In this thought-provoking piece, medical masks are reimagined as a powerful metaphor for the Millennial Generation's experience—an era marked by digital saturation, hyper-personal branding, and luxury-driven consumer addiction. The work confronts the overwhelming overload of information and identity that defines our time.
Each mask symbolizes a fragment of the many personas—both real and constructed—that individuals adopt in today’s culture of social media performance. The vibrant, often saturated color palette echoes the visual language of platforms like Instagram, where life is filtered, curated, and constantly on display.
This is polarising art: a mirror held up to society, exposing both the seductive allure and the psychological consequences of endless reinvention. The piece speaks directly to the tension between authenticity and illusion in a generation navigating its identity in the digital age.
A timely and uncompromising reflection of our cultural moment.

Polarising Art
Hidden Roses
“Corona Time” is a polarizing reflection on the global pandemic as a psychological and emotional turning point. Rather than documenting the external events of the era, this work invites the viewer to confront their internal landscape—their reactions, anxieties, and resilience when faced with uncertainty and isolation.

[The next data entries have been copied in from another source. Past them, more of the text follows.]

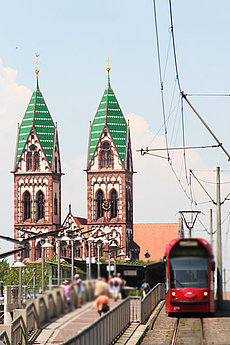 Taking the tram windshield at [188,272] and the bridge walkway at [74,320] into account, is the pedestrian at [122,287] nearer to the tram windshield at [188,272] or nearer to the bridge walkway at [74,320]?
the bridge walkway at [74,320]

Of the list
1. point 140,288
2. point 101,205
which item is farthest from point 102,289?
point 101,205

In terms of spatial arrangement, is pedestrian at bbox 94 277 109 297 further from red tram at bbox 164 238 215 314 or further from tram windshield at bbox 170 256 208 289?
tram windshield at bbox 170 256 208 289

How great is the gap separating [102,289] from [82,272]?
36 cm

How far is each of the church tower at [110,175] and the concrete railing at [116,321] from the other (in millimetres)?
121394

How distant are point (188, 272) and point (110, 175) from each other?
173478 mm

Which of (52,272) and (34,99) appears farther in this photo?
(34,99)

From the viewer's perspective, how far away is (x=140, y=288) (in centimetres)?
986

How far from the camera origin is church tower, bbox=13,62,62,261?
18312cm

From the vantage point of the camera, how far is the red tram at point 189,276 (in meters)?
11.3

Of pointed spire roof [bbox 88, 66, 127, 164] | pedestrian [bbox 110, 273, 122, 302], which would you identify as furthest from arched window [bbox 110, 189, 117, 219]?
pedestrian [bbox 110, 273, 122, 302]

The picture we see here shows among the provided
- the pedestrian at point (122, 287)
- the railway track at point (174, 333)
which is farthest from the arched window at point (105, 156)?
the pedestrian at point (122, 287)

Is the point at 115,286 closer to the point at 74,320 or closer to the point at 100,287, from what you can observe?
the point at 100,287

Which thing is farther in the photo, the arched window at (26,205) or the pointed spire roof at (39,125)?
the pointed spire roof at (39,125)

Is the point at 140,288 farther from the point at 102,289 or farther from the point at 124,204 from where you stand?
the point at 124,204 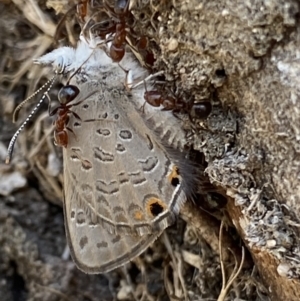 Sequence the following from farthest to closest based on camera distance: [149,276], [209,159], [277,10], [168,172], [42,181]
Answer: [42,181], [149,276], [168,172], [209,159], [277,10]

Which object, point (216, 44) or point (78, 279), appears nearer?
point (216, 44)

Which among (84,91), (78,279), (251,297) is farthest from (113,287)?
(84,91)

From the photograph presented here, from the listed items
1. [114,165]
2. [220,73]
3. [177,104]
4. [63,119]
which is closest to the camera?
[220,73]

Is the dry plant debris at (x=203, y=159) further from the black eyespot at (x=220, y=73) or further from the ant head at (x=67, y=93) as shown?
the ant head at (x=67, y=93)

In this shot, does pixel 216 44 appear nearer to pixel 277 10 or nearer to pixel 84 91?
pixel 277 10

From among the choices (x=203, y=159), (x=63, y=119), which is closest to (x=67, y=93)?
(x=63, y=119)

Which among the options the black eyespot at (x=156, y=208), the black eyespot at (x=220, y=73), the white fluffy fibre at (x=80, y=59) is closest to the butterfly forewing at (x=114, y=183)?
the black eyespot at (x=156, y=208)

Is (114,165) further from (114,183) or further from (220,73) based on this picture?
(220,73) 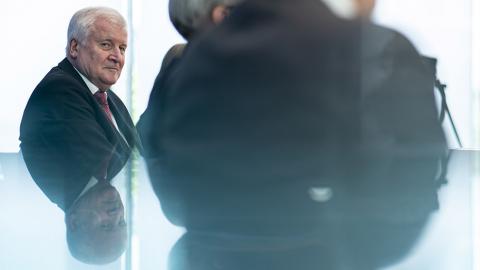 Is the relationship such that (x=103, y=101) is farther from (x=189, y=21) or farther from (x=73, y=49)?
(x=189, y=21)

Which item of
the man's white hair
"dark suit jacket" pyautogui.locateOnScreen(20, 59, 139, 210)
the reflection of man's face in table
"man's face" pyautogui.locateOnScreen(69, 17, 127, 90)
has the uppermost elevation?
the man's white hair

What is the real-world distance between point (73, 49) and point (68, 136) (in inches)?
5.1

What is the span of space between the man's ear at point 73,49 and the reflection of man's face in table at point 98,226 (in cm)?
19

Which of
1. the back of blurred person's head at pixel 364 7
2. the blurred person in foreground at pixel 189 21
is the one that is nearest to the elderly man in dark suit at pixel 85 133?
the blurred person in foreground at pixel 189 21

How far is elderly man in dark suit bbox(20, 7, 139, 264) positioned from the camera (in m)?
0.83

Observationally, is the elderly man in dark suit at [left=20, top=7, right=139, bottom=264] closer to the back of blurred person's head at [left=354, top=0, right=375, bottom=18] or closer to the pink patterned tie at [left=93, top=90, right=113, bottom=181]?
the pink patterned tie at [left=93, top=90, right=113, bottom=181]

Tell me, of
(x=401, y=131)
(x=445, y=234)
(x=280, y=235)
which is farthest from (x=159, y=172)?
(x=445, y=234)

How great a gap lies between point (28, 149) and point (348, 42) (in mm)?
576

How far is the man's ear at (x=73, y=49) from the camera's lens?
2.96ft

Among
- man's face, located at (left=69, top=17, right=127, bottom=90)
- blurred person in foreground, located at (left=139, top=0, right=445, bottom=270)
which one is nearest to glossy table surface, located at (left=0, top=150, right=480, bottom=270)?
blurred person in foreground, located at (left=139, top=0, right=445, bottom=270)

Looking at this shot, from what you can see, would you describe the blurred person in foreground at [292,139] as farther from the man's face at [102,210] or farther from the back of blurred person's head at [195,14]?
the man's face at [102,210]

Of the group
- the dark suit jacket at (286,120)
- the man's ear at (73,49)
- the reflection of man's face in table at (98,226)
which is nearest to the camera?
the dark suit jacket at (286,120)

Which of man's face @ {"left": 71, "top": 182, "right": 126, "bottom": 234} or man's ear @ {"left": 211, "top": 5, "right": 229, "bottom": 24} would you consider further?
man's face @ {"left": 71, "top": 182, "right": 126, "bottom": 234}

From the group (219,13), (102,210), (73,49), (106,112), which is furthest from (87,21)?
(219,13) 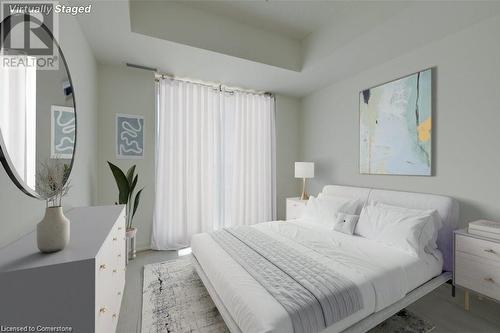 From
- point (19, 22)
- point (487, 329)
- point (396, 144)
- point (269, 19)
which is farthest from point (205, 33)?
point (487, 329)

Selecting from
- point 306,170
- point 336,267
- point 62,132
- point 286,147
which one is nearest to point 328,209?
point 306,170

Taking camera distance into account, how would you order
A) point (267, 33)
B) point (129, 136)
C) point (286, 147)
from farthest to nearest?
point (286, 147) < point (129, 136) < point (267, 33)

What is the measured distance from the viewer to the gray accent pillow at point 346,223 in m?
2.45

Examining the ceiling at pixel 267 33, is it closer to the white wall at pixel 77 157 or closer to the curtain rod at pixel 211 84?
the curtain rod at pixel 211 84

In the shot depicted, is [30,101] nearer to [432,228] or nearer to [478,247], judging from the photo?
[432,228]

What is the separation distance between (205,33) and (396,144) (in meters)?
2.67

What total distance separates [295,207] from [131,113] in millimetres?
2867

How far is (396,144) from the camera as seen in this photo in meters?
2.70

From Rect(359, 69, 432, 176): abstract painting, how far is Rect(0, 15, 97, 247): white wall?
3359mm

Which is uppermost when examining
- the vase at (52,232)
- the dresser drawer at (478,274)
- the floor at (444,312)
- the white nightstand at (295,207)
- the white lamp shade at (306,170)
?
the white lamp shade at (306,170)

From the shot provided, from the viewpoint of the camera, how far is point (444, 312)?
186 cm

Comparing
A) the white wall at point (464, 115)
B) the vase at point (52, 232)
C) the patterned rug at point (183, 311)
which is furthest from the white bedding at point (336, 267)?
the vase at point (52, 232)

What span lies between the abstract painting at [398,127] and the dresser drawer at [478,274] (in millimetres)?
919

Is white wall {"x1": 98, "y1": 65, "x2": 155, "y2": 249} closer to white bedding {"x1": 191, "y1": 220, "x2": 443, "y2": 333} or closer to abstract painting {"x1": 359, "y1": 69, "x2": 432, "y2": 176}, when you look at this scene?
white bedding {"x1": 191, "y1": 220, "x2": 443, "y2": 333} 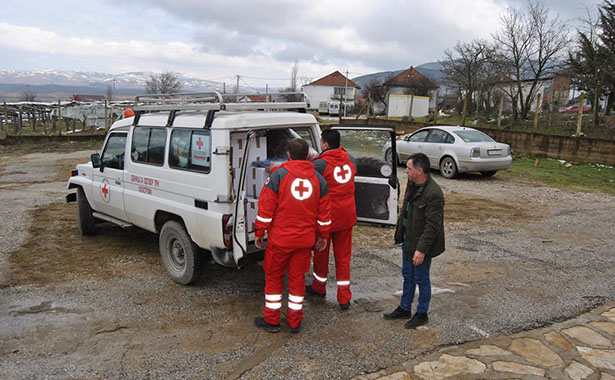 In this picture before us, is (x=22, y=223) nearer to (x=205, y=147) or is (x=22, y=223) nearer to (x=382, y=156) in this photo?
(x=205, y=147)

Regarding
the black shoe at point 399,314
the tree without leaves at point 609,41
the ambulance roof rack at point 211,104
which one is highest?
the tree without leaves at point 609,41

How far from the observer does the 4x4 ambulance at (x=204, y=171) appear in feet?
15.2

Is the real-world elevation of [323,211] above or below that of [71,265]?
above

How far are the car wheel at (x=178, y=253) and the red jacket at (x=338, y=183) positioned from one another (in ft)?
5.23

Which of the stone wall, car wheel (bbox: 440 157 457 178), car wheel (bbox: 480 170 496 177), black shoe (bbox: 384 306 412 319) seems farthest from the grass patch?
black shoe (bbox: 384 306 412 319)

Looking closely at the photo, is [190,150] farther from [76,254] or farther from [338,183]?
[76,254]

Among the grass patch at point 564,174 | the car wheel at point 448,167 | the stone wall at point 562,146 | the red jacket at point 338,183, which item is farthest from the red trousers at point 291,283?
the stone wall at point 562,146

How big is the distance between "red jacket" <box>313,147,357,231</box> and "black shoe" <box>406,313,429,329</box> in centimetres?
108

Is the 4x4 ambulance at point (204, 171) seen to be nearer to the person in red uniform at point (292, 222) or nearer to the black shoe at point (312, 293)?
the person in red uniform at point (292, 222)

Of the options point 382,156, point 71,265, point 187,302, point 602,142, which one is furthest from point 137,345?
point 602,142

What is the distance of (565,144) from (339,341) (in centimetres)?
1478

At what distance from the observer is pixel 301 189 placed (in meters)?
4.14

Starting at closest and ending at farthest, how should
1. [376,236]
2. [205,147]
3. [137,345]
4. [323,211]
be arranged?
[137,345] < [323,211] < [205,147] < [376,236]

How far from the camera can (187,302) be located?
4.93 m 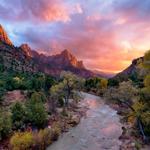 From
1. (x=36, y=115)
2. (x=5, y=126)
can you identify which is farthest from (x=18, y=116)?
(x=5, y=126)

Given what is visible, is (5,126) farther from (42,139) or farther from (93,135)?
(93,135)

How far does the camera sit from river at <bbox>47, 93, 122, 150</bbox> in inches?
1139

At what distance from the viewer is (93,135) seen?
3353cm

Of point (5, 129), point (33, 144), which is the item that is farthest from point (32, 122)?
point (33, 144)

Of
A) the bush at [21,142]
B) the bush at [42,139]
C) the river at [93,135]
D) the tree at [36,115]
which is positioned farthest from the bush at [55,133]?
the bush at [21,142]

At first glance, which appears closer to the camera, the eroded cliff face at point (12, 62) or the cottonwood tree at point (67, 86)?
the cottonwood tree at point (67, 86)

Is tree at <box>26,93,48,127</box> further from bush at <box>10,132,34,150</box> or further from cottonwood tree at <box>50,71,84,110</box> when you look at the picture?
cottonwood tree at <box>50,71,84,110</box>

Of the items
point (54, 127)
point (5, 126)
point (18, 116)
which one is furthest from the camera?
point (54, 127)

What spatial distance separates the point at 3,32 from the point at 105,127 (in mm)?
167508

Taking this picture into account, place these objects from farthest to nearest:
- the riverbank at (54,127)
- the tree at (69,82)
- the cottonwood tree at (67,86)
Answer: the cottonwood tree at (67,86) < the tree at (69,82) < the riverbank at (54,127)

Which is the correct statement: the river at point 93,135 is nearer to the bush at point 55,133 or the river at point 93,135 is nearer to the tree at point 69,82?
the bush at point 55,133

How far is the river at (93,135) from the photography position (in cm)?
2892

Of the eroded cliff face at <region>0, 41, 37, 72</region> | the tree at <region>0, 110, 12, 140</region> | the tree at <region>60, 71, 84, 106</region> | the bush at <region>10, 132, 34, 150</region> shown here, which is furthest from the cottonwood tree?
the eroded cliff face at <region>0, 41, 37, 72</region>

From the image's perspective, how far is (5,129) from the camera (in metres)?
28.8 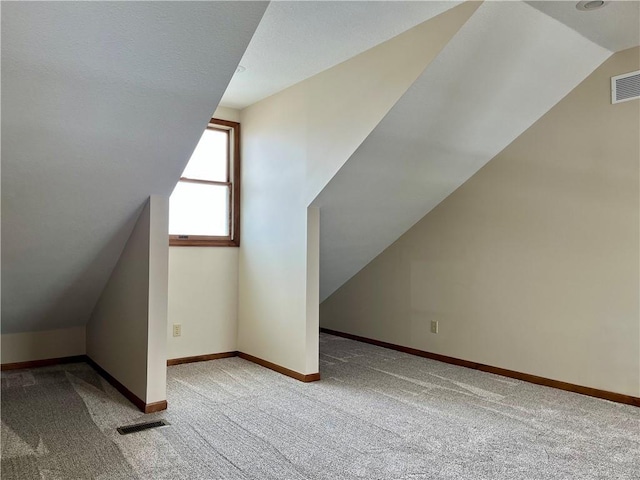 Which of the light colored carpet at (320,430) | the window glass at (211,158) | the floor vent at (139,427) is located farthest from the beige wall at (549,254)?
the floor vent at (139,427)

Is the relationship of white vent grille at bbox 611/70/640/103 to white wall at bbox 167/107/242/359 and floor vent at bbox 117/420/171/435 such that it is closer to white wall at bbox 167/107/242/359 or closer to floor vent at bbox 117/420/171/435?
white wall at bbox 167/107/242/359

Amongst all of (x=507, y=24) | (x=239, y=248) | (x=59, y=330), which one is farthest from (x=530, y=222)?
(x=59, y=330)

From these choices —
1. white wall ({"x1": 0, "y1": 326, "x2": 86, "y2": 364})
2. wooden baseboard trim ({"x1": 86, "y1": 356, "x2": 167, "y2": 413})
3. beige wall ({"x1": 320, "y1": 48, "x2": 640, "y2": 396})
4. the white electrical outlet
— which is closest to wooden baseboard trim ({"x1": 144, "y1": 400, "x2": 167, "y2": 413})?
wooden baseboard trim ({"x1": 86, "y1": 356, "x2": 167, "y2": 413})

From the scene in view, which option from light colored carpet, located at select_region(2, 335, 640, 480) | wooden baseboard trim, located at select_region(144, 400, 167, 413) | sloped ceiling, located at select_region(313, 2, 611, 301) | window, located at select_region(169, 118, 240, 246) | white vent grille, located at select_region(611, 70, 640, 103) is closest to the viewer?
light colored carpet, located at select_region(2, 335, 640, 480)

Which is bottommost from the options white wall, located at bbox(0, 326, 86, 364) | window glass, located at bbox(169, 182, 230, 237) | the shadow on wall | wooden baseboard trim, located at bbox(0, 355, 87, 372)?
wooden baseboard trim, located at bbox(0, 355, 87, 372)

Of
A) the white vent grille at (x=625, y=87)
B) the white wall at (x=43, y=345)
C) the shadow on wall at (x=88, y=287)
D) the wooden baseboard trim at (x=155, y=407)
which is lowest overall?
→ the wooden baseboard trim at (x=155, y=407)

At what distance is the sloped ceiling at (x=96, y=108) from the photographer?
1.82 meters

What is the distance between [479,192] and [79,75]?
10.3 ft

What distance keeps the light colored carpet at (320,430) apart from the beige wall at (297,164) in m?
0.51

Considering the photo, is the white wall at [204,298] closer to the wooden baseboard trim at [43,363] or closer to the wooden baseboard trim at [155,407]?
the wooden baseboard trim at [43,363]

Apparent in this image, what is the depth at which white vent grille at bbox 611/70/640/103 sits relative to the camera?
3.10 metres

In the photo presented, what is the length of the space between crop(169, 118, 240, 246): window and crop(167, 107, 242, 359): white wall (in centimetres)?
11

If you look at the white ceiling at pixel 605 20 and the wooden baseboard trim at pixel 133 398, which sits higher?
the white ceiling at pixel 605 20

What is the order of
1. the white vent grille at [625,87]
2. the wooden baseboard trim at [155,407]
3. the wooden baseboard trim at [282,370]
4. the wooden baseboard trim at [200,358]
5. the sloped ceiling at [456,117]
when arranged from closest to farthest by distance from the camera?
the sloped ceiling at [456,117], the wooden baseboard trim at [155,407], the white vent grille at [625,87], the wooden baseboard trim at [282,370], the wooden baseboard trim at [200,358]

This piece does not offer answers; it functions as a mirror. Each observer brings their own narrative to the work, projecting subconscious associations and personal experiences onto the visual field. The ambiguity is intentional—allowing the artwork to become a kind of psychological Rorschach test, triggering memories, fears, or moments of growth from a globally shared, yet deeply individual, crisis.
The artwork examines the mental mechanisms humans use to survive difficult times, showcasing different symbolic cases of coping strategies—some constructive, some destructive. Icon Zar explores themes of isolation and connection, mental looping, time distortion, and the dualities between chaos and clarity.
“Corona Time” invites us to observe not only the scars left behind but the evolution of human consciousness in the face of global stillness.